The container runs fine for a while (about 40 hours) then starts failing its dns lookups with timeout messages: the application logs show failures against the docker dns server:
Caused by: java.net.UnknownHostException: failed to resolve 'alfresco.test.duf'
at io.netty.resolver.dns.DnsResolveContext.finishResolve(DnsResolveContext.java:1013)
at io.netty.resolver.dns.DnsResolveContext.tryToFinishResolve(DnsResolveContext.java:966)
at io.netty.resolver.dns.DnsResolveContext.query(DnsResolveContext.java:414)
at io.netty.resolver.dns.DnsResolveContext.access$600(DnsResolveContext.java:63)
at io.netty.resolver.dns.DnsResolveContext$2.operationComplete(DnsResolveContext.java:463)
at io.netty.util.concurrent.DefaultPromise.notifyListener0(DefaultPromise.java:578)
at io.netty.util.concurrent.DefaultPromise.notifyListeners0(DefaultPromise.java:571)
at io.netty.util.concurrent.DefaultPromise.notifyListenersNow(DefaultPromise.java:550)
at io.netty.util.concurrent.DefaultPromise.notifyListeners(DefaultPromise.java:491)
at io.netty.util.concurrent.DefaultPromise.setValue0(DefaultPromise.java:616)
at io.netty.util.concurrent.DefaultPromise.setFailure0(DefaultPromise.java:609)
at io.netty.util.concurrent.DefaultPromise.tryFailure(DefaultPromise.java:117)
at io.netty.resolver.dns.DnsQueryContext.tryFailure(DnsQueryContext.java:225)
at io.netty.resolver.dns.DnsQueryContext$4.run(DnsQueryContext.java:177)
at io.netty.util.concurrent.PromiseTask.runTask(PromiseTask.java:98)
at io.netty.util.concurrent.ScheduledFutureTask.run(ScheduledFutureTask.java:170)
at io.netty.util.concurrent.AbstractEventExecutor.safeExecute(AbstractEventExecutor.java:164)
at io.netty.util.concurrent.SingleThreadEventExecutor.runAllTasks(SingleThreadEventExecutor.java:472)
at io.netty.channel.epoll.EpollEventLoop.run(EpollEventLoop.java:384)

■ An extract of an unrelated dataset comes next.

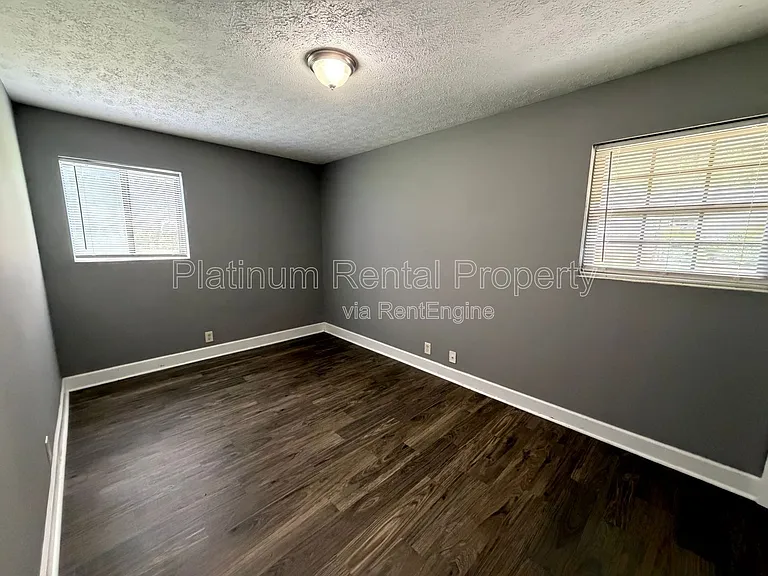1502 Waverly Way #C3 — Photo 11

at io.netty.util.concurrent.SingleThreadEventExecutor$4.run(SingleThreadEventExecutor.java:989)
at io.netty.util.internal.ThreadExecutorMap$2.run(ThreadExecutorMap.java:74)
at io.netty.util.concurrent.FastThreadLocalRunnable.run(FastThreadLocalRunnable.java:30)

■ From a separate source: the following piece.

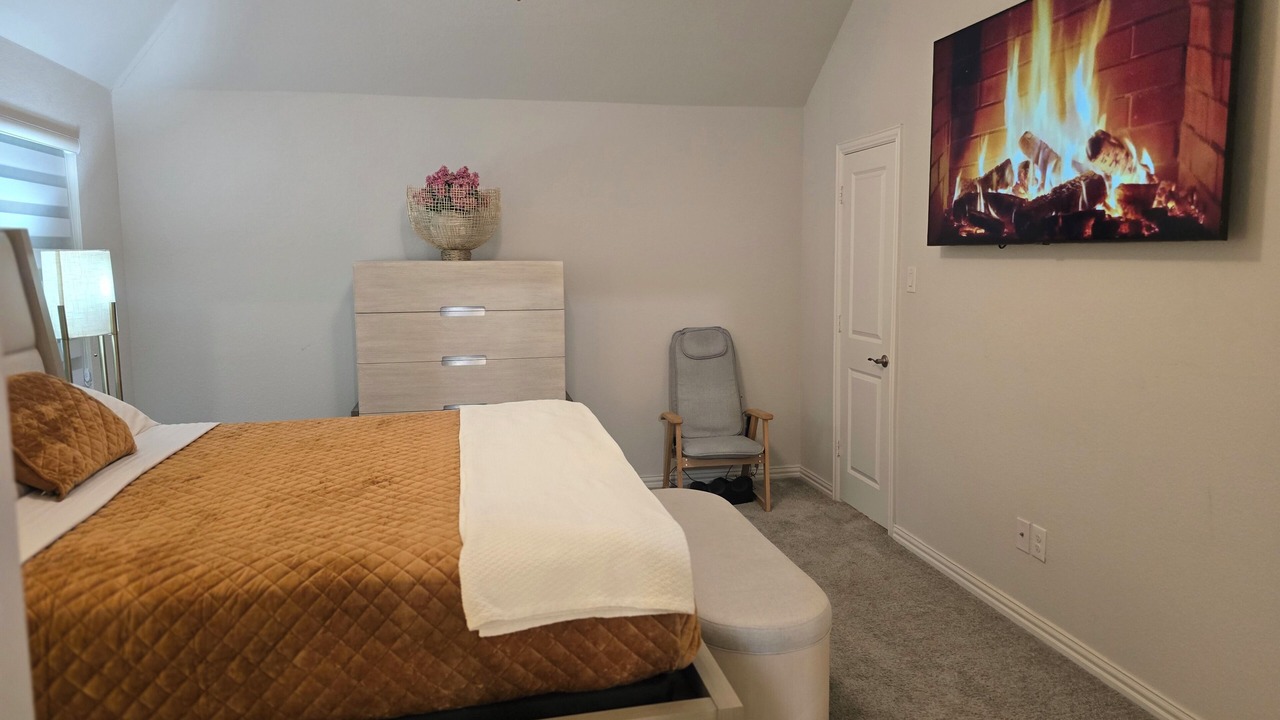 Photo of Bedroom in Aubrey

at java.base/java.lang.Thread.run(Thread.java:834)
Caused by: io.netty.resolver.dns.DnsNameResolverTimeoutException: [/127.0.0.11:53] query via UDP timed out after 5000 milliseconds (no stack trace available)
The docker daemon log shows failures against the local network dns server:
Aug 25 12:19:15 st2510v dockerd[6749]: time="2021-08-25T12:19:15.066556867+02:00" level=warning msg="[resolver] connect failed: dial udp 157.164.138.33:53: connect: resource temporarily unavailable"
Pinging the target server from the docker host resolves correctly.
Starting a bash container in the docker-network (created through compose) and pinging the target server from there resolves correctly.
Pinging any server (external dns, docker dns, bashcontainer) form within the problematic container fails to resolve.
The container does not recover from the error on its own.
Restarting or recreating the container does fix the issue.
Ive compared the host iptables and network interfaces with a working instance that does not have the issue at all, but this did not yield any significant differences.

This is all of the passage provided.